Reality doesn’t cause burnout: burnout happens when mission is obscured by a loss of vision. To prevent burnout, or to cool it down, cede some time and careful thought to the development of a serious ‘philosophical’ teaching ideal that you can act on. I advocate doing this is not because you’ll wholly achieve this ideal, nobody will, but because what we need is a measurement tool for something greater than the ups and downs of a school day, or a school year or a even a school lifetime.
Teachers leave school every day with a knapsack full of ways they must improve to become better teachers, not to mention a tower of student work that needs review and lessons that need planning, and a whole life outside of school that must be administered to before the next bell. Teachers also carry home a million reasons to call in sick the next day. But coming back with a measure of renewed spirit must be driven by more than the just the pay. Like a watch, what we do must be worth more than merely the sum our parts. Remember when the pieces of a clock have been assembled you have more than just a functioning object, you also have a way to measure time.
The belief that our actions are associated with a larger purpose, like a philosophical ideal that is in our control to act upon, gives us hope, power and purposefulness as opposed to merely being buffeted by the whims and edicts of others. When you can articulate a fully thought out purpose, that includes rigorous academics, you can discuss, rationally, and measure how what you are doing is leading to the learning you intend to accomplish in both the affective and academic realms. And again, more than the sum of its parts, such clarity also opens one to inputs in the same vein. Instead of merely being overwhelmed by others’ directions and directives, we can measure their suggestions for how they fit into our intended plans.

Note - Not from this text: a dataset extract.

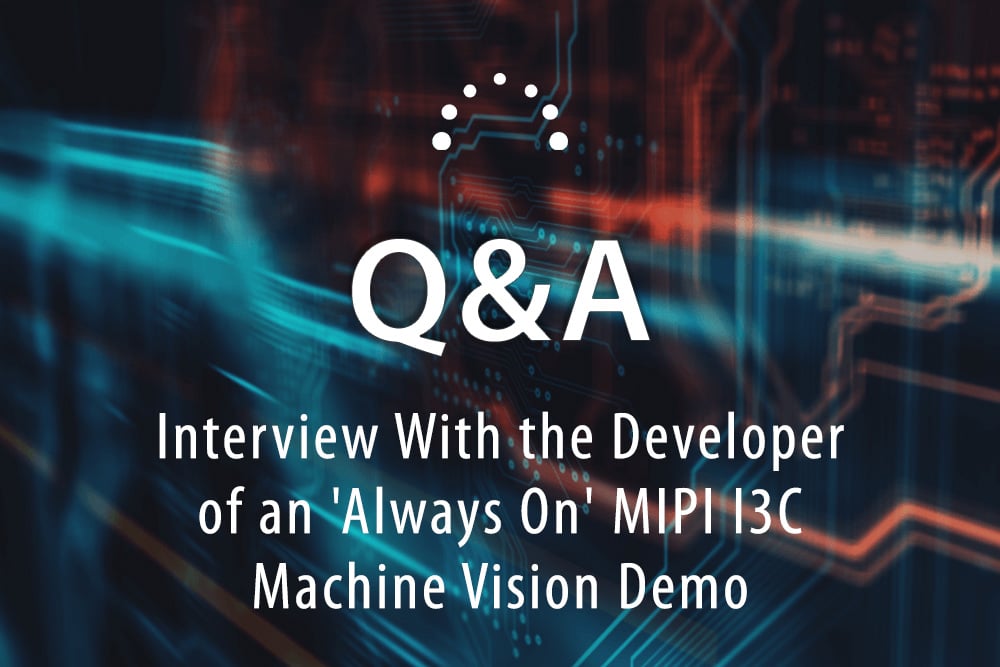 MIPI I3C Machine Vision Demo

I have found when I am driven by a true and focused passionate belief in something that is in my control to act on when I’m right, I know it, but when I am not right I also know that, too. When I am not right about something in which I have invested deeply I always get a feeling deep in my guts, a kind of tight queasiness that at first I always seem to want to interpret as something I ate. I may not want to admit it, but I know it, and in the end, because what I am trying to do (I hope) is greater than just me, I have to emplace my mistakes, triage the situation as best I can, and move forward in a better way.
So to prevent burnout, take a moment to create some hope by having a belief system about the value of teaching that is more than just passing grades and meeting administrative objectives. And because nothing keeps us more honest than knowing that we have left a trail of evidence, write it down, even if it’s just for you.
That is my prescription to prevent burnout for this school year: take a tablet of that philosophical hope every evening, with a nice glass of wine, and call me in June.